Fourth, a systematic review of 11 longitudinal studies reported gender or sex differences in changes in anxiety and general mental health from before to during the pandemic, but not in stress or depression levels (Dal Santo et al. unpublished manuscript available on medRxiv, https://doi.org/10.1101/2021.06.28.21259384)). Although women in NDIT reported higher levels of depressive and anxiety symptoms than men before and during the pandemic, the magnitude of the change over time did not differ by sex. Women assumed much of the additional burden associated with homeschooling, domestic chores and addressing family well-being early in the pandemic38,39, but this higher burden may not have translated into differential changes in mental health. Alternatively, women already had or they developed resilience to face these new challenges (Dal Santo et al. unpublished manuscript available on medRxiv, https://doi.org/10.1101/2021.06.28.21259384)).

Investigations are needed to assess whether the impact of the pandemic on mental health persists as new variants emerge, containment measures change, and pandemic-related economic impacts such as inflation endure40. Further, mechanisms underpinning impacts on mental health need to be identified41. Longitudinal studies with multiple observations during the pandemic will help us to move beyond simple ‘before-after’ studies that are prone to regression to the mean42. Qualitative studies on coping mechanisms and resilience may help increase understanding of heterogeneity in mental health responses to the pandemic. Studies are needed that focus on racialized/marginalized populations43 and growing pandemic-related inequalities in mental health44. For example, studies must move beyond sex differences to investigate changes in mental health in gender and sexual minorities. These groups in addition to racialized individuals, were already subject to important health inequities before the pandemic, and are more likely to report poorer perceived mental health45,46.

Strengths and limitations

Strengths of this study include use of validated measures of depressive and anxiety symptoms, and that we accounted for time elapsed between measurements47,48. Limitations include possible selection bias related to attrition. Use of non-response weights likely attenuated the impact of attrition, although the validity of the weights depends on the missing-at-random assumption, which was not testable in the data.

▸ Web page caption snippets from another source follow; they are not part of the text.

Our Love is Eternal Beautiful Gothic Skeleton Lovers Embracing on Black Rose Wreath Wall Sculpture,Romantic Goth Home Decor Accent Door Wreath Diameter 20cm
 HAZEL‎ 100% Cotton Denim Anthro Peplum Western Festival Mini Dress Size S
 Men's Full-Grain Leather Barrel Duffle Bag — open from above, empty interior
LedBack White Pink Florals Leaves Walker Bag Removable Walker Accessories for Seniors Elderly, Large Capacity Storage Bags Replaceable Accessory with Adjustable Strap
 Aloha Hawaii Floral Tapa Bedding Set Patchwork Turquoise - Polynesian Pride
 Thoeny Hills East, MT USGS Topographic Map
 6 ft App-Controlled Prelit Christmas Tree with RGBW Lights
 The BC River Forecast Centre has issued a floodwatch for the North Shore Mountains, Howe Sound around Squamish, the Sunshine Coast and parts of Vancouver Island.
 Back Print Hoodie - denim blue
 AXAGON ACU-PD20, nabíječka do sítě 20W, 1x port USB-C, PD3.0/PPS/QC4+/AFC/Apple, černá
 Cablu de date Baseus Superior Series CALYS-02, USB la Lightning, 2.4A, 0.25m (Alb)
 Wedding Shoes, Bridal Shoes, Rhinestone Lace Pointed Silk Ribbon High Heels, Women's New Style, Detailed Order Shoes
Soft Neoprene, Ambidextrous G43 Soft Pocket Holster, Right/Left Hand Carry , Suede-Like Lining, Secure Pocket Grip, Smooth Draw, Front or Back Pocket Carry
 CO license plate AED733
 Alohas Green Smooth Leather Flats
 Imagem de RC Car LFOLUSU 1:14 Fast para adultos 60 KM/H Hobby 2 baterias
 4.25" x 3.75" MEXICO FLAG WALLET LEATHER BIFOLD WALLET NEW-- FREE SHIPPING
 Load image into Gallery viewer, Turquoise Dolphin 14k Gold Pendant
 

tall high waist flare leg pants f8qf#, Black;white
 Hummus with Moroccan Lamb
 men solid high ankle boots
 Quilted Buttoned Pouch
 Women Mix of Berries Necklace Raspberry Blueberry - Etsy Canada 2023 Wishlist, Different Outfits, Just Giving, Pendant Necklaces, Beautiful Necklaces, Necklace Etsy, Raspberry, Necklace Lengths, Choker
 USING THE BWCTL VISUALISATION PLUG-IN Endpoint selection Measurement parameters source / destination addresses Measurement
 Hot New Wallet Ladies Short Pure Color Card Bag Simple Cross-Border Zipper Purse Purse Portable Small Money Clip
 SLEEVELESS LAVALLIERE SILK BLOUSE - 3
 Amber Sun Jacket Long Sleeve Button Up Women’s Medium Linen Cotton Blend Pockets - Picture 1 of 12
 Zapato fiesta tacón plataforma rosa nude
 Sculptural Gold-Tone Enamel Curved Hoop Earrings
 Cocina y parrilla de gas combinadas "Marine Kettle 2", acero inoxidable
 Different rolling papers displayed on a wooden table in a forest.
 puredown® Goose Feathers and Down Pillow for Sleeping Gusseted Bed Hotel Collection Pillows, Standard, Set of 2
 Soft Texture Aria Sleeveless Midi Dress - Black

While our analysis was constrained by the size of the existing cohort, the width of the 95% confidence intervals for our estimates of change in mental health and corresponding standardized mean differences suggests that the precision of our estimates is reasonable. The descriptive nature of our analysis precludes causal interpretations. Because 77% of participants were of European ancestry, our ability to investigate racialized groups was limited. Changes in anxiety and depressive symptoms between cycles 23 to 24 may not be entirely attributable to COVID-19 and/or may capture regression to the mean42. Findings may not generalize to other jurisdictions or age groups.

Conclusion

Depressive and anxiety symptoms were elevated over pre-pandemic levels 10–16 months into the pandemic in our study of adults age 32–36 years. Future studies will need to assess whether and when mental health symptoms return to pre-pandemic levels and in addition, identify modifiable mechanisms underpinning any persisting impact of COVID-19 on depressive and anxiety symptoms.